This issue tracker has been migrated to GitHub, and is currently read-only.
For more information, see the GitHub FAQs in the Python's Developer Guide.

classification
Title: Idle - incorrectly displaying a character (Latin capital letter sharp s)
Type: Stage:
Components: IDLE, Tkinter, Unicode Versions: 3rd party
process
Status: closed Resolution: works for me
Dependencies: Superseder:
Assigned To: Nosy List: amaury.forgeotdarc, loewis, vbr
Priority: normal Keywords:

Created on 2008-11-07 20:31 by vbr, last changed 2022-04-11 14:56 by admin. This issue is now closed.

Files
File name Uploaded Description Edit
idle-capital-sharp-s.jpg vbr, 2008-11-07 20:31 screenshot of an Idle session in 3.0rc2 showing an incorrectly displayed character Latin capital letter sharp s - U+1E9E
capital-sharp-s-TCL-Idle.jpg vbr, 2008-11-08 18:23 "capital sharp s" in TCL wish and Python Idle
Messages (8)
msg75613 - (view) Author: Vlastimil Brom (vbr) Date: 2008-11-07 20:31
While experimenting with the new unicodedata for version 5.1 (many 
thanks for it!) I discovered some strange behaviour of Idle with regard 
to a character not available in any font on my system, namely Latin 
capital letter sharp s - U+1E9E.
Cf. the following sessions:

Python 3.0rc2 (r30rc2:67141, Nov  7 2008, 11:43:46) [MSC v.1500 32 bit 
(Intel)] on win32
Type "copyright", "credits" or "license()" for more information.
...    
IDLE 3.0rc2      

>>> print("\N{LATIN CAPITAL LETTER SHARP S}")
ẞ
>>> print("\N{LATIN CAPITAL LETTER S WITH CEDILLA}")
Ş
>>> print("\N{PHAGS-PA LETTER KA}")
ꡀ
>>> print("\ufff0")
￰
>>> hex(ord("ẞ"))
'0x1e9e'
>>> hex(ord("Ş"))
'0x15e'
>>> 

Of course, the exact view cannot be copied, but basically I see very 
similar glyphs for the first two characters, while I had expected a 
"square"-sign or something for the first one; this is what I get with 
other surely unavailable glyph as well as a non existent character. See 
the attached screenshot.

However, the characters remain clearly distinguished, as can be seen 
e.g. after copying them as a parameter of ord(...).

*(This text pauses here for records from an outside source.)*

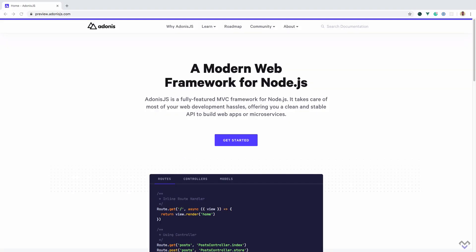Adonis.js is a fully featured MVC framework for Node.js. It takes care of most of your web development hassles, offering you a clean and stable API to build web apps or microservices.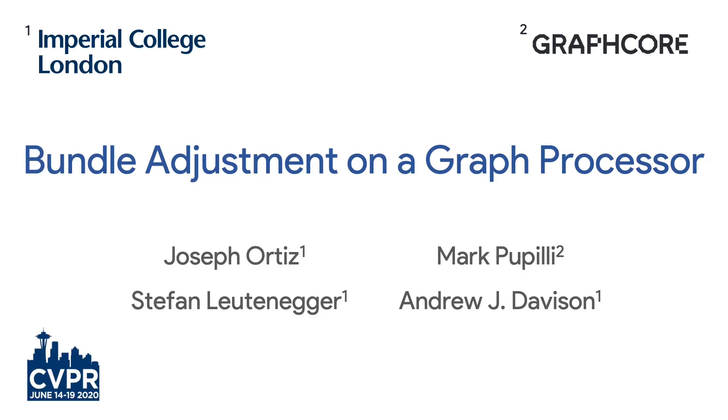We believe this work is a first step towards a new paradigm of distributed low-power graph processing for spatial AI.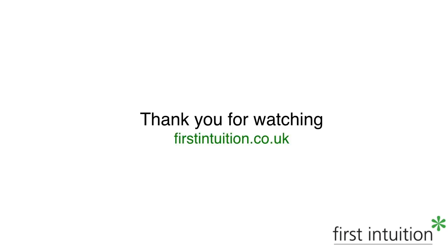Alternatively, if you have any questions about the portfolio screen in your OneFile account, please contact your skills and development coach. Thank you for watching.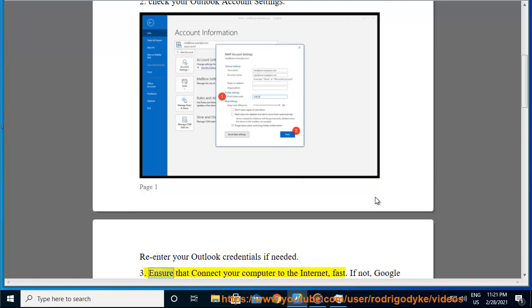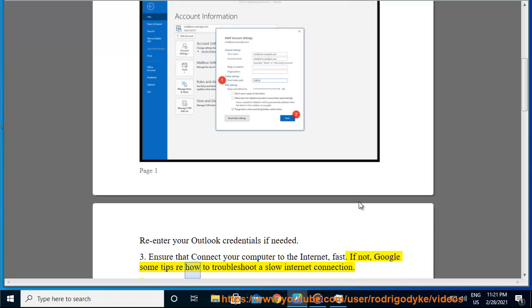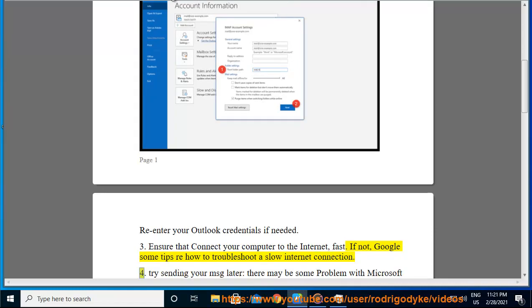3. Ensure that you connect your computer to the internet fast. If not, Google some tips on how to troubleshoot a slow internet connection.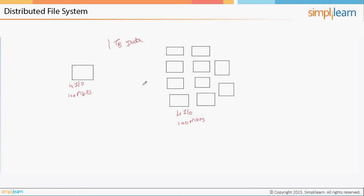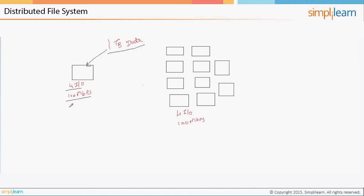I have a couple of machines on the right side and one machine on the left side, and I'm writing one terabyte of data. In the first scenario, I have one physical machine with four IO channels — four hard disks, each channel with 100 Mbps speed. If you store one terabyte of data in this single machine and process it, the formula gives us 45 minutes to process that data, which is a very huge time.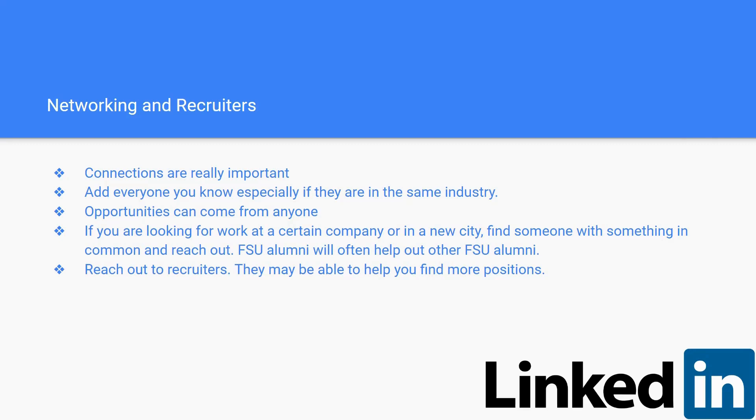FSU alumni will often help out other FSU alumni—one big family. And last but not least, reaching out to recruiters. It may seem like an obvious one, but you do all the steps above, and reaching out to recruiters might be your last step. They might be able to help you find more positions.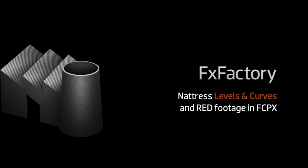In this tutorial, I'd like to cover the use of the Natrus Levels and Curves effect on RED footage in Final Cut Pro X.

Python 2.6 behaves the same way:
=======================
Python 2.6 (r26:66721, Oct  2 2008, 11:35:03) [MSC v.1500 32 bit 
(Intel)] on win32
Type "copyright", "credits" or "license()" for more information.
...    
IDLE 2.6      
>>> print u"\N{LATIN CAPITAL LETTER SHARP S}"
ẞ
>>> 

...
==============================================

Not that it is much important, but I found it a bit surprising. I'm 
using WinXPh SP3 Czech.
msg75619 - (view) Author: Amaury Forgeot d'Arc (amaury.forgeotdarc) * (Python committer) Date: 2008-11-07 22:18
Idle seems indeed to do a hard job to find a font that can display the 
character.
On my machine (WinXP sp3, French) there are many fonts, but only "Myriad 
Web" can display \N{LATIN CAPITAL LETTER SHARP S}.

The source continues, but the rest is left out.